● Work to be completed
Copy every entry in the listing below exactly, but not the pictures.

● Record set
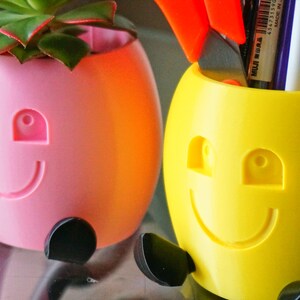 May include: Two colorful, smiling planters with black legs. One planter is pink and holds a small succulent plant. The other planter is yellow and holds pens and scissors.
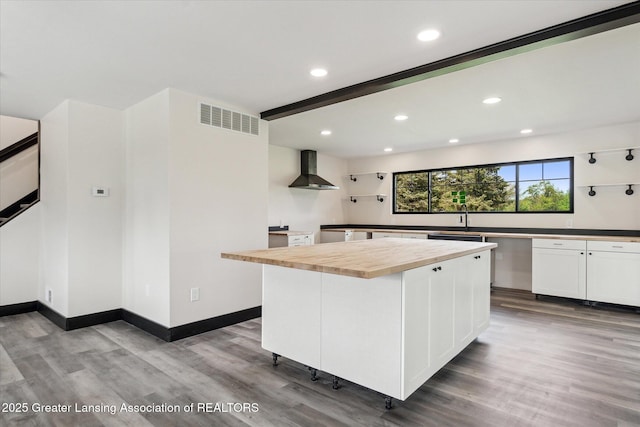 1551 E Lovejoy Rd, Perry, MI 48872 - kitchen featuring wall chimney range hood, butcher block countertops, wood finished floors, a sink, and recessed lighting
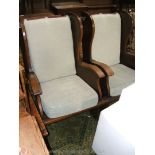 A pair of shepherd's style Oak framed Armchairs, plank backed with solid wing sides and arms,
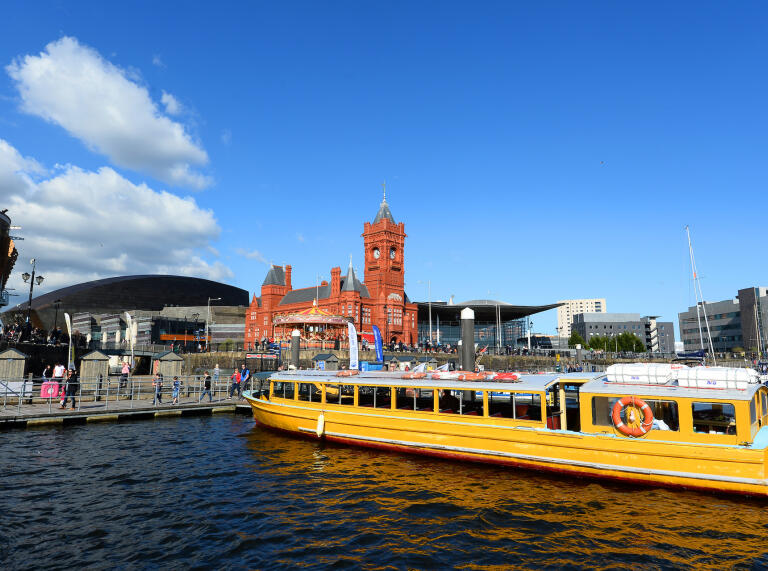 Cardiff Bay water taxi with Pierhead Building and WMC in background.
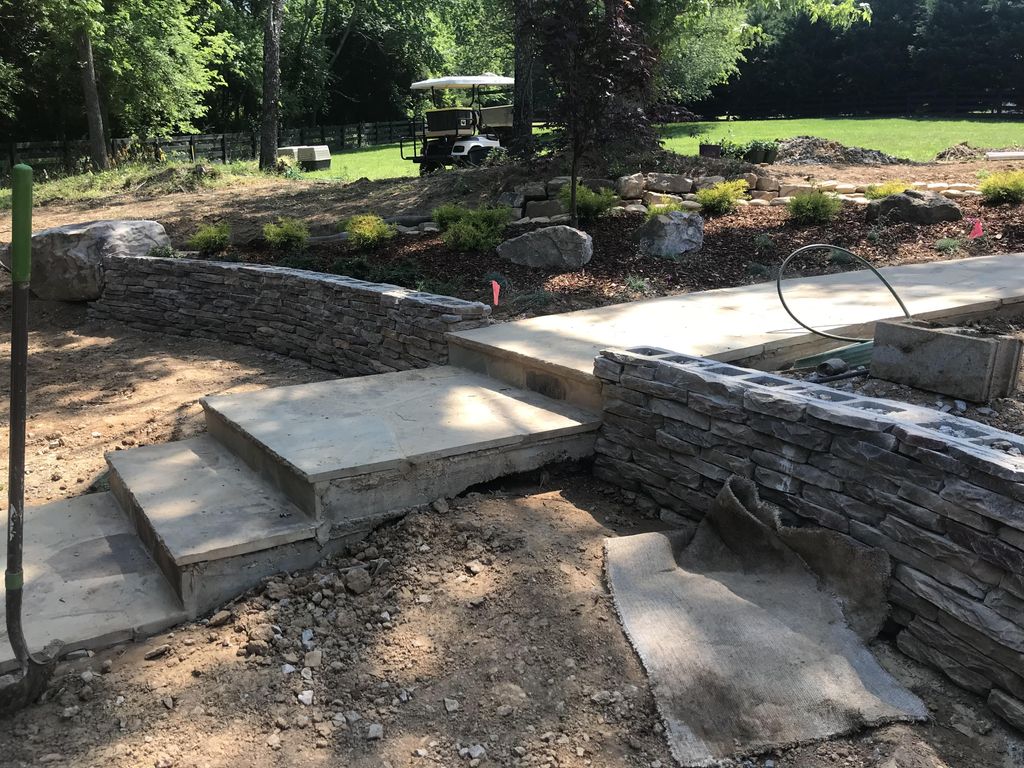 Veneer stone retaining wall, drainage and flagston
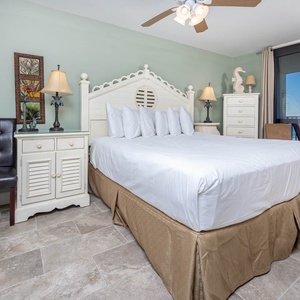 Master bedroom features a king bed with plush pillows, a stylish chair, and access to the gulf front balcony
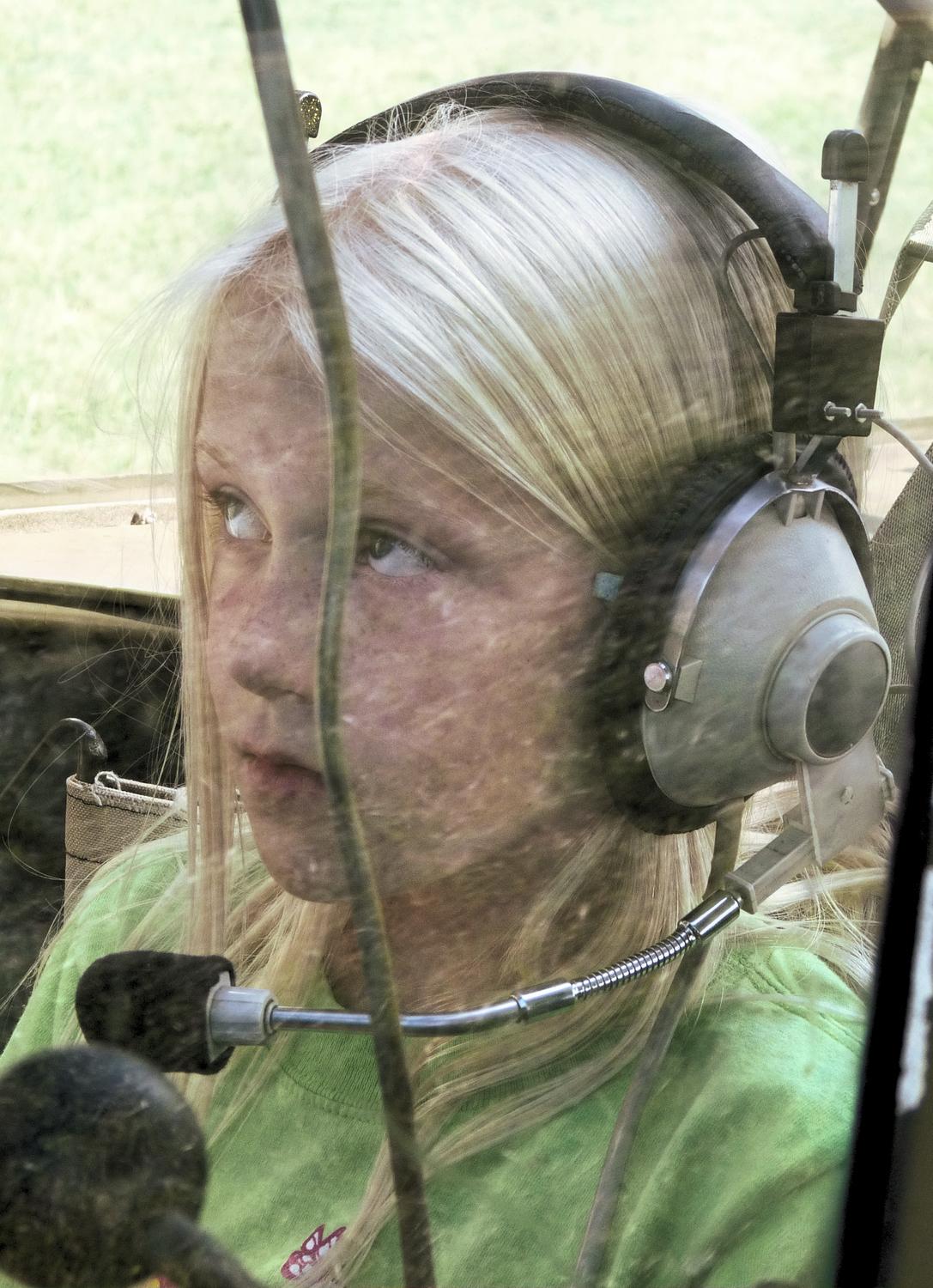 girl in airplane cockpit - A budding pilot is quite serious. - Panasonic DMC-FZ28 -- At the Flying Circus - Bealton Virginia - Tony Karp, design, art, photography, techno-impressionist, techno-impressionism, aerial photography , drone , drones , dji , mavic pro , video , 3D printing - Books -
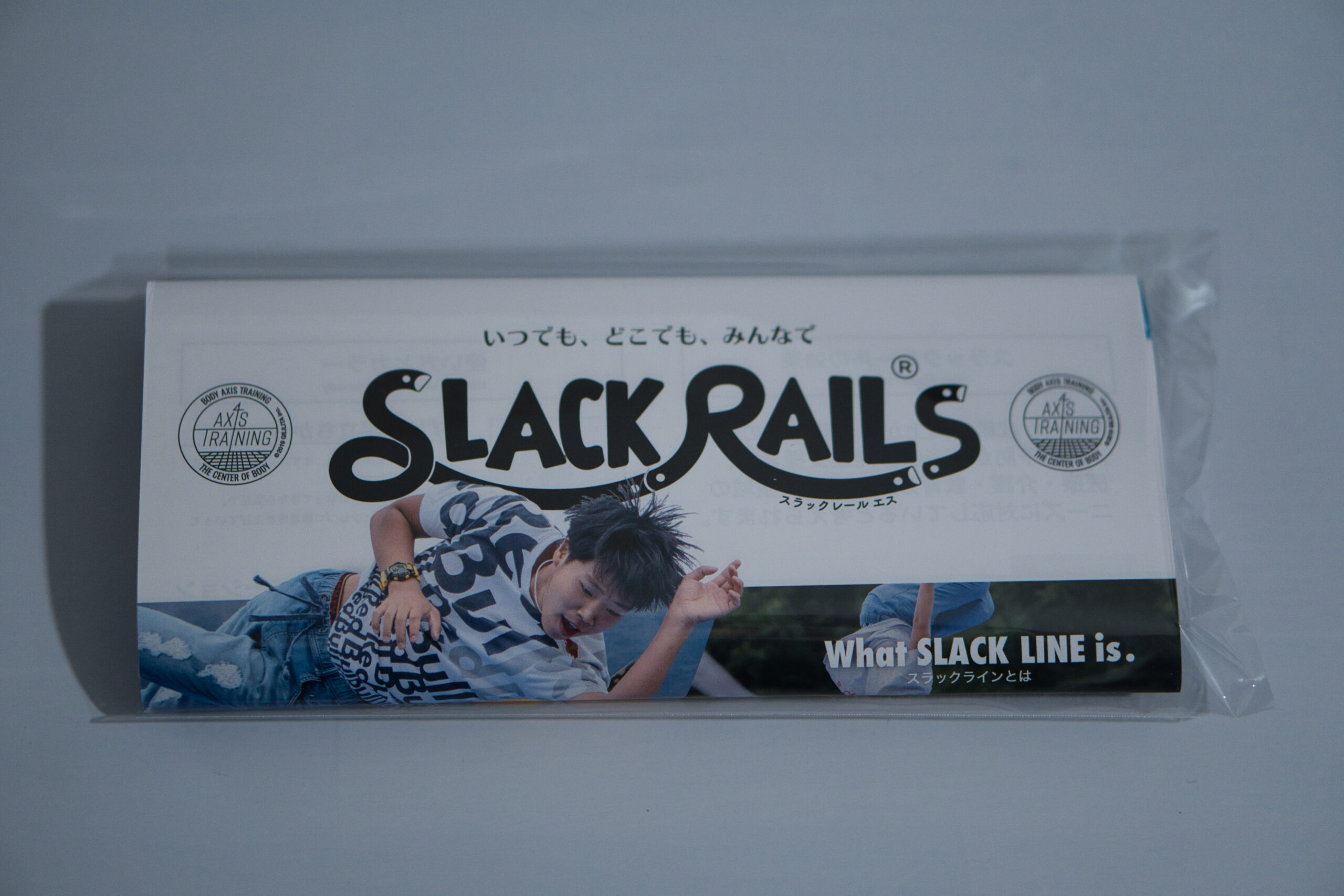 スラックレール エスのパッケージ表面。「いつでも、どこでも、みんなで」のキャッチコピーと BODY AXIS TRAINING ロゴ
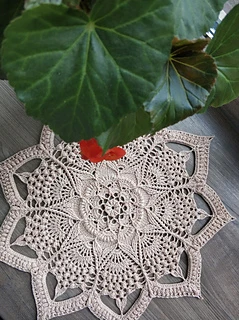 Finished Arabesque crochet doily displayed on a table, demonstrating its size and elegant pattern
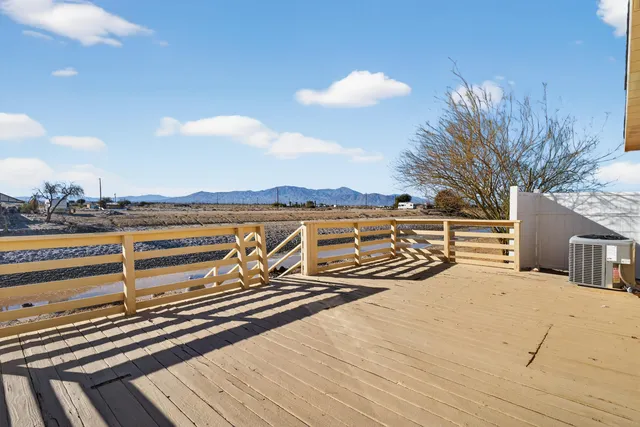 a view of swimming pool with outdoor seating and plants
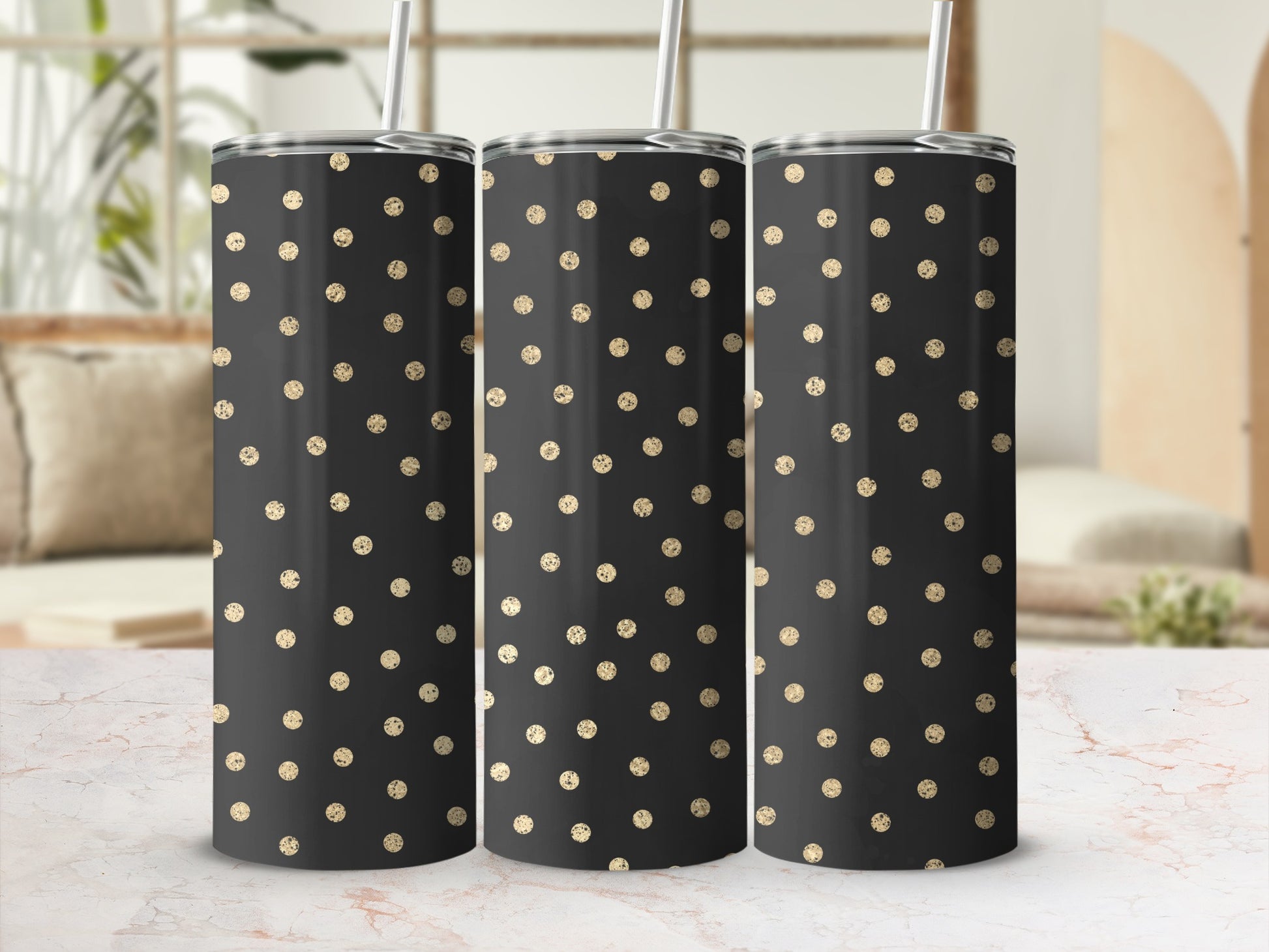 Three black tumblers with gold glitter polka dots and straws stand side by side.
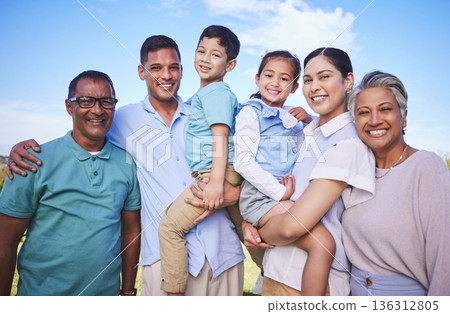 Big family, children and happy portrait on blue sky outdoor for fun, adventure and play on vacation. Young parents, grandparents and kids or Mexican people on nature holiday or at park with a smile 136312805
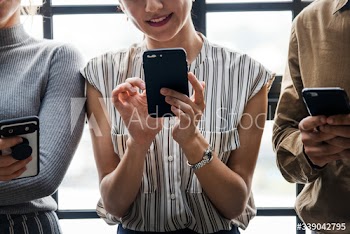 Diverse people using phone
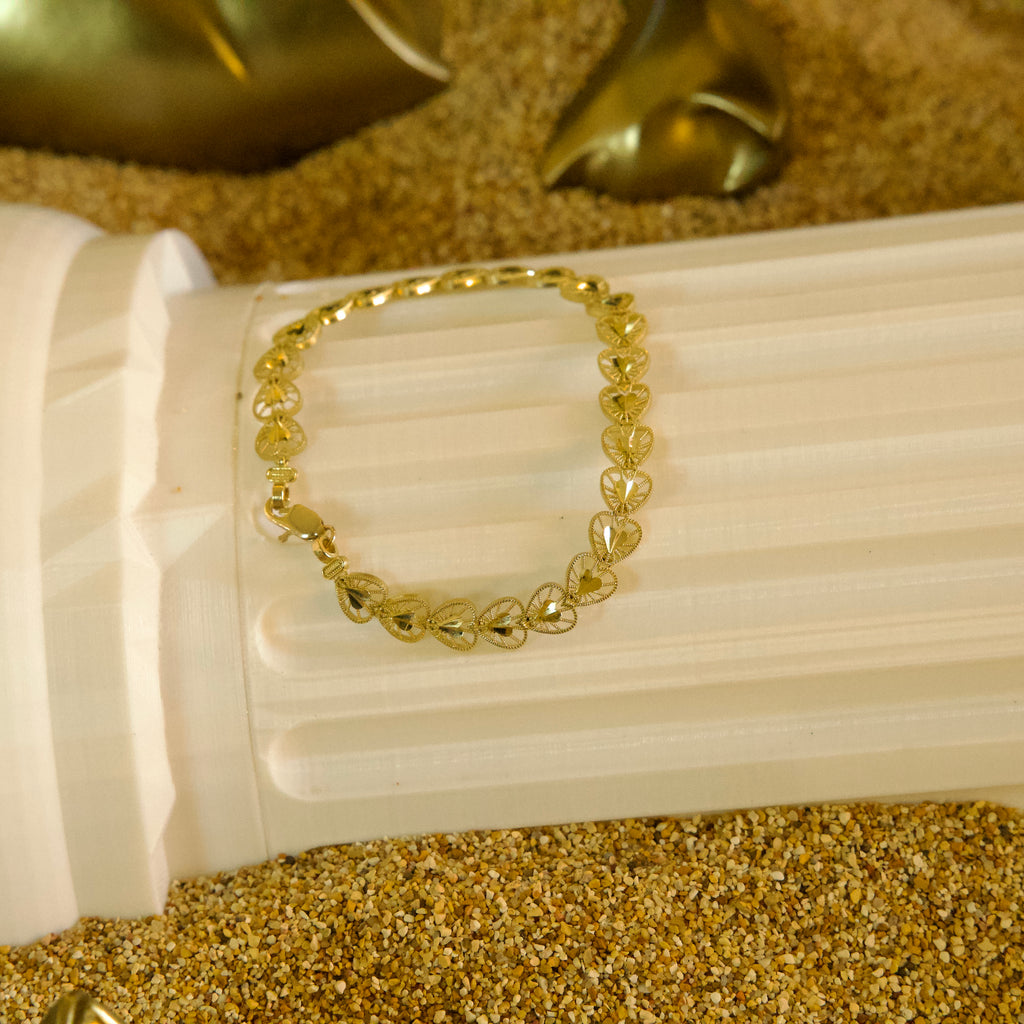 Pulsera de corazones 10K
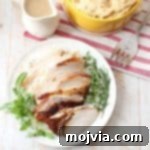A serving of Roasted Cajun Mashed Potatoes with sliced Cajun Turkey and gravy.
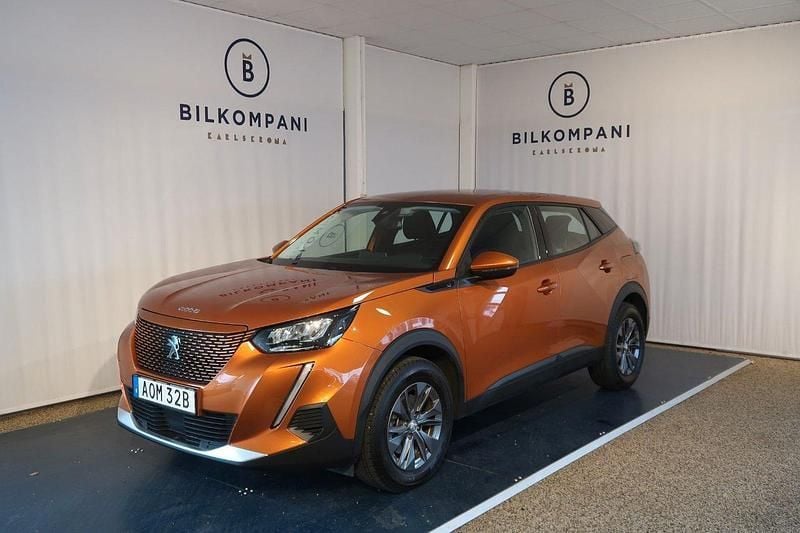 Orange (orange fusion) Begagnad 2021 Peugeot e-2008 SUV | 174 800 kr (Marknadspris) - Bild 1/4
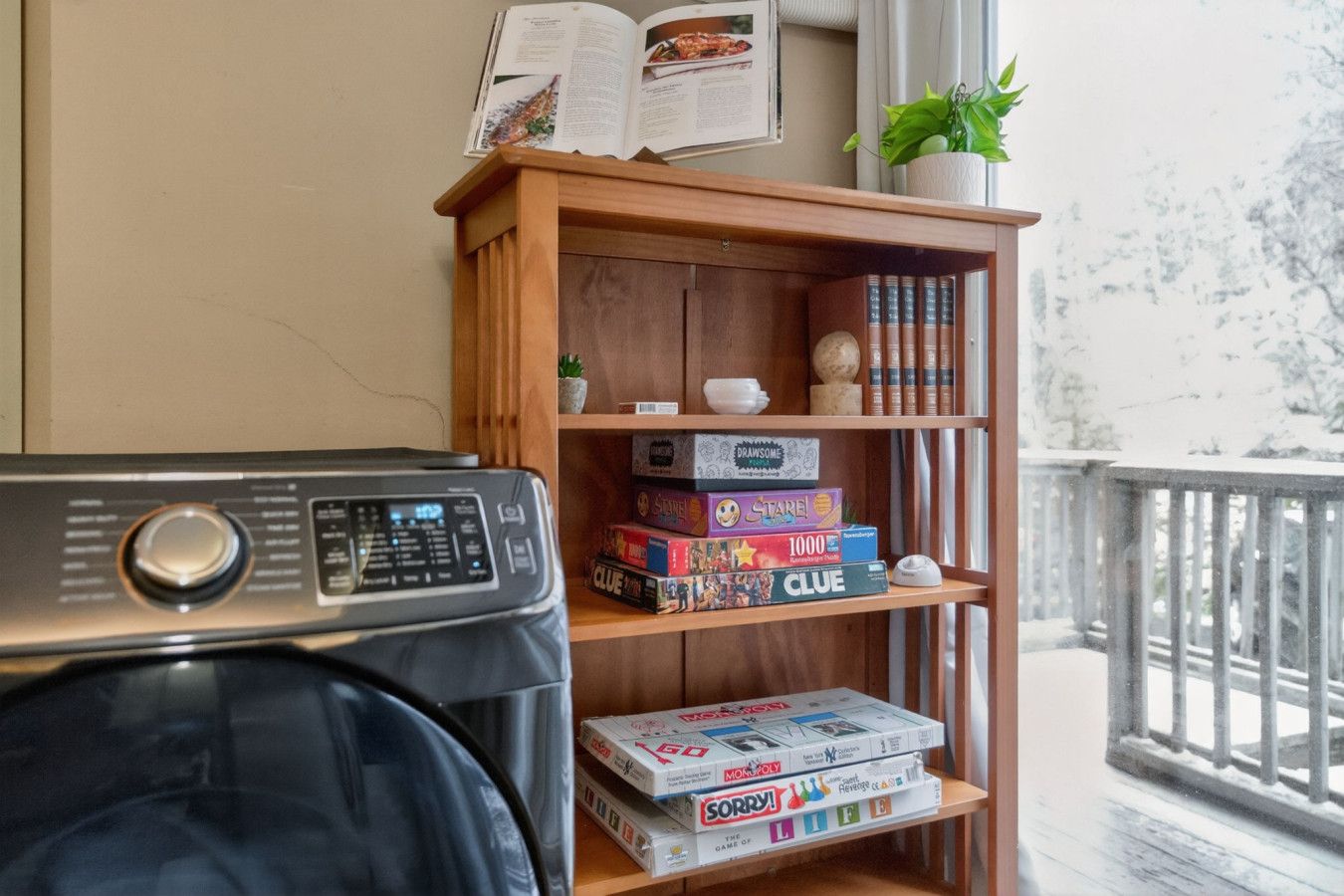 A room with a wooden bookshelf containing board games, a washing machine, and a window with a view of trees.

● Response area
 May include: Two colorful, smiling planters with black legs. One planter is pink and holds a small succulent plant. The other planter is yellow and holds pens and scissors.
 1551 E Lovejoy Rd, Perry, MI 48872 - kitchen featuring wall chimney range hood, butcher block countertops, wood finished floors, a sink, and recessed lighting
 A pair of shepherd's style Oak framed Armchairs, plank backed with solid wing sides and arms,
 Cardiff Bay water taxi with Pierhead Building and WMC in background.
 Veneer stone retaining wall, drainage and flagston
 Master bedroom features a king bed with plush pillows, a stylish chair, and access to the gulf front balcony
 girl in airplane cockpit - A budding pilot is quite serious. - Panasonic DMC-FZ28 -- At the Flying Circus - Bealton Virginia - Tony Karp, design, art, photography, techno-impressionist, techno-impressionism, aerial photography , drone , drones , dji , mavic pro , video , 3D printing - Books -
 スラックレール エスのパッケージ表面。「いつでも、どこでも、みんなで」のキャッチコピーと BODY AXIS TRAINING ロゴ
 Finished Arabesque crochet doily displayed on a table, demonstrating its size and elegant pattern
 a view of swimming pool with outdoor seating and plants
 Three black tumblers with gold glitter polka dots and straws stand side by side.
 Big family, children and happy portrait on blue sky outdoor for fun, adventure and play on vacation. Young parents, grandparents and kids or Mexican people on nature holiday or at park with a smile 136312805
 Diverse people using phone
 Pulsera de corazones 10K
A serving of Roasted Cajun Mashed Potatoes with sliced Cajun Turkey and gravy.
 Orange (orange fusion) Begagnad 2021 Peugeot e-2008 SUV | 174 800 kr (Marknadspris) - Bild 1/4
 A room with a wooden bookshelf containing board games, a washing machine, and a window with a view of trees.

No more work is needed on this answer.